Une chose est sûre, les récentes violences tiennent de la purification ethnique. Depuis la généralisation des smartphones, les Rohingya font tourner des vidéos des incendies de maisons et des pogroms qu’ils subissent au pays. Selon Rafik, la haine aurait pour cause historique leur loyauté envers les colons britanniques puis leur rôle dans l’insurrection démocratique birmane de 1988 et leur soutien envers Aung San Suu Kyi.

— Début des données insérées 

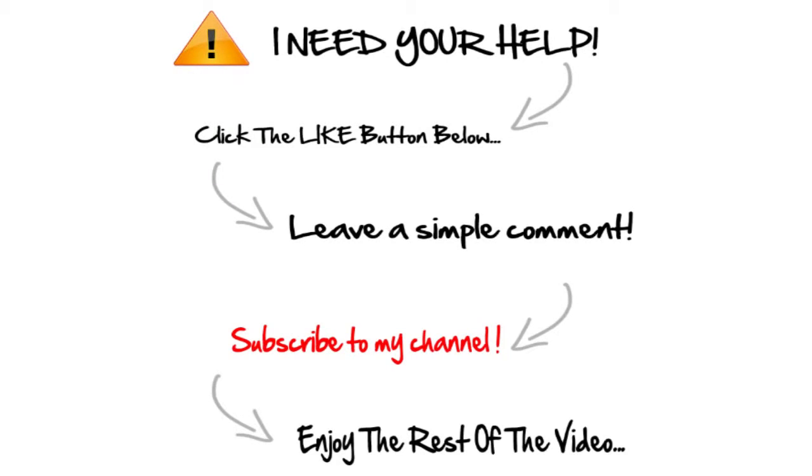If you're enjoying the video so far, do me a huge favor and click the like button below — you'll get your good deed for the day out of the way, and it helps me out a lot. Also go ahead and subscribe and leave a comment, something as simple as 'good video' or 'I enjoyed the video.' It really helps me out with YouTube.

Depuis la libéralisation du régime et l’entrée en fonction de l’opposante, leur sort ne fait pourtant que se dégrader. Celle qui est en train de faire revenir au pays la minorité chrétienne Chin a-t-elle un agenda caché qui suppose à plus long terme la réintégration des Rohingya ? L’hypothèse est encore plausible même si elle ne fait que s’éloigner. D’autant que l’État d’Arakan est riche en métaux et hydrocarbures. La peur d’une éventuelle sécession de cette province n’est peut-être pas étrangère à la persécution.
Hypocrisie internationale
Les pays d’Asie du Sud-Est tentent sans succès la médiation et, étrangement, l’appel solennel en juillet du Parlement européen à cesser les violences contre les Rohingya n’a pas été plus fructueux. L’administration étasunienne résiste aux exigences du pouvoir birman qui préfère le terme « Bengali » au mot Rohingya. En visite officielle en juin dernier, le ministre français des Affaires étrangères, Jean-Marc Ayrault, s’est quant à lui diplomatiquement couché : « Devant [Aung San Suu Kyi], j’ai utilisé le terme de Rohingya car c’est comme cela que l’on dit en France mais je n’emploierai pas ce mot en public : je sais à quel point c’est un sujet sensible et je ne suis pas là pour donner des leçons et compliquer les choses1 ». D’autant que le marché birman s’ouvre à la mondialisation... En attendant, la file d’attente au siège du HCR est toujours aussi longue, les réfugiés ont autant de mal à se faire enregistrer et les budgets dédiés aux actions en Asie du Sud-Est sont en baisse. C’est que l’aide internationale s’est en partie reportée vers l’Europe pour l’aider à surmonter sa « crise des réfugiés ».
Par Sila Bératour.
Collectif D’autres voix : autresvoix@riseup.net.
1 Le Monde, 18 juin 2016.
Cet article a été publié dans
CQFD n°146 (septembre 2016)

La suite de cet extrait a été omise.